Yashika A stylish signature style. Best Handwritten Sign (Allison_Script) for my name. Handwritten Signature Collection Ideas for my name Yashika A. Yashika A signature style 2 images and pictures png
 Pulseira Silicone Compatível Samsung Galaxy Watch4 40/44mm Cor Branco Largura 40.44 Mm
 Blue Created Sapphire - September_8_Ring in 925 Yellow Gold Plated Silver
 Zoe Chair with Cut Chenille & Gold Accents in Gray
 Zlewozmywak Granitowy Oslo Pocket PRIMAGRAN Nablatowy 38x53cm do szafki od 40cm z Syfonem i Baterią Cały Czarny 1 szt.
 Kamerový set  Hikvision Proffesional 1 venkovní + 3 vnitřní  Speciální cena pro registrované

→ TASK TO COMPLETE:
After locating the line containing "Zoe Chair with", write out that line and all remaining lines of the records exactly, with nothing added.

→ RESULT FOR THIS TASK:
 Zoe Chair with Cut Chenille & Gold Accents in Gray
 Zlewozmywak Granitowy Oslo Pocket PRIMAGRAN Nablatowy 38x53cm do szafki od 40cm z Syfonem i Baterią Cały Czarny 1 szt.
 Kamerový set  Hikvision Proffesional 1 venkovní + 3 vnitřní  Speciální cena pro registrované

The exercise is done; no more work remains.